From a brief historical and genealogical account of the Frazier Family by Isabelle Frazier Sugden, a copy in my possession. Links of Walton History by Hattie Walton Heninger, Compiler, Genealogist, 1981, pgs. 45, 49.
The First 100 Years in Woodruff, printed by Art City Publishing Co., 1972, pgs. 271-275. Pictures from the Glenn & Helen Rex Frazier collection.


  1. "Perry Green" is a great misspelling of "Peregrine"! You can probably find better sources under that name. :-) (Although I do like that quote.)

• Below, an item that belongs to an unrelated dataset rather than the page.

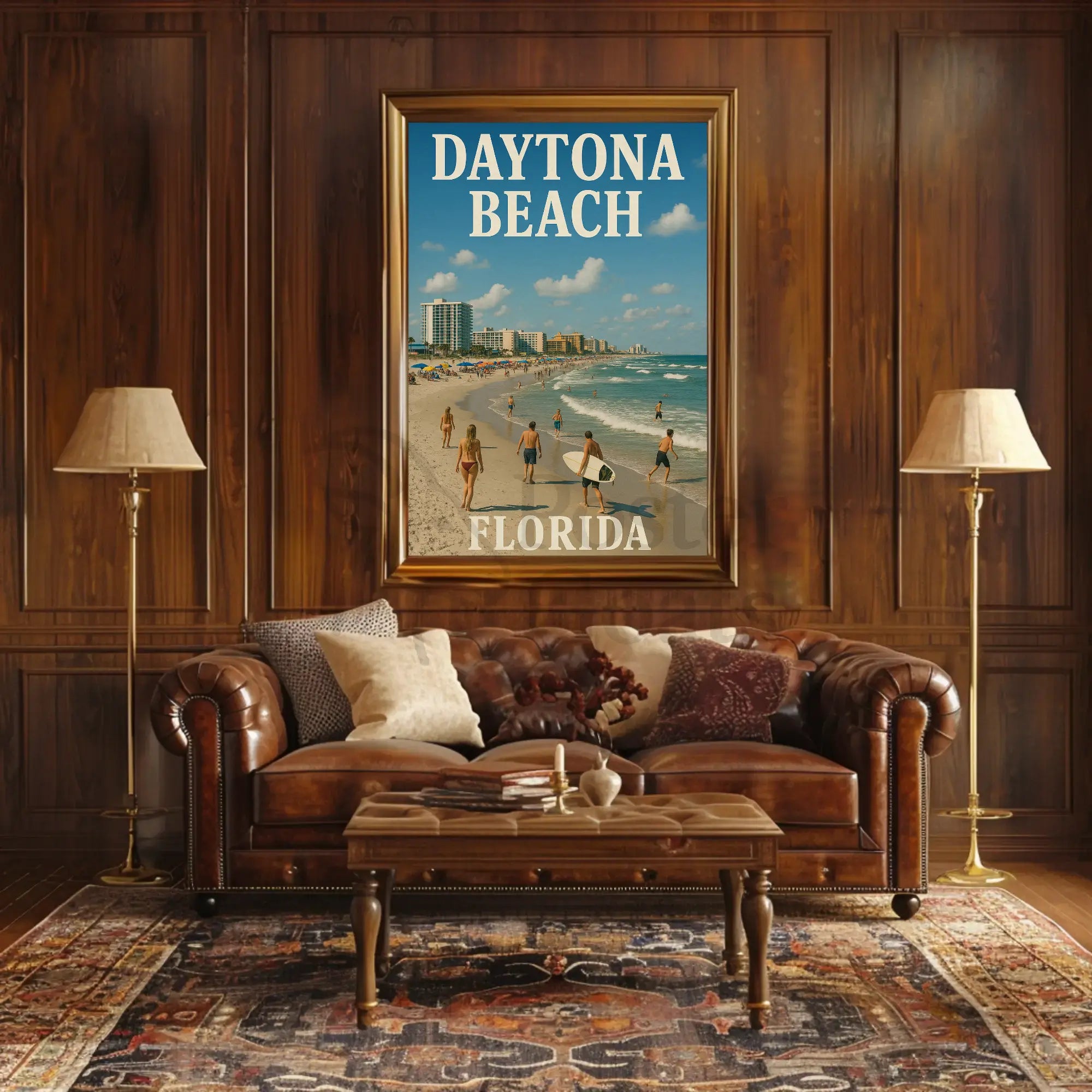 Daytona Beach Retro Travel Poster PosterGoat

    I enjoy these biographies and stories and particularly the lovely pictures. Thanks for the email you sent the other day. I'll be able to spend more time looking at the info after my out-of-town company has departed.

    Oh, and when you say "Josephite," do you mean a follower of the Smith descendants and the RLDS church (now Community of Christ)? If that's what you mean, Susan Easton Black put together a multi-volume book with information on early members of the RLDS church. I'm sure you could find it at the Church History Library or other libraries in the SLC area. I have an ancestor who joined that movement near the end of his life, and the books have some interesting information.

  2. "Peregrine!" What an excellent lead, Amy! I'd have never guessed.

    "Josephite" was mentioned only once in a history of Elizabeth. It's not included in either printed family history book. I know other Waltons joined the RLDS church. The cousin who gave a copy of her family history notes to my Mother and father was a fine geneologist in her day, and knew these folks well.

    I can hardly wait to get to the Church History Library. Thank you for your kind help and encouragement.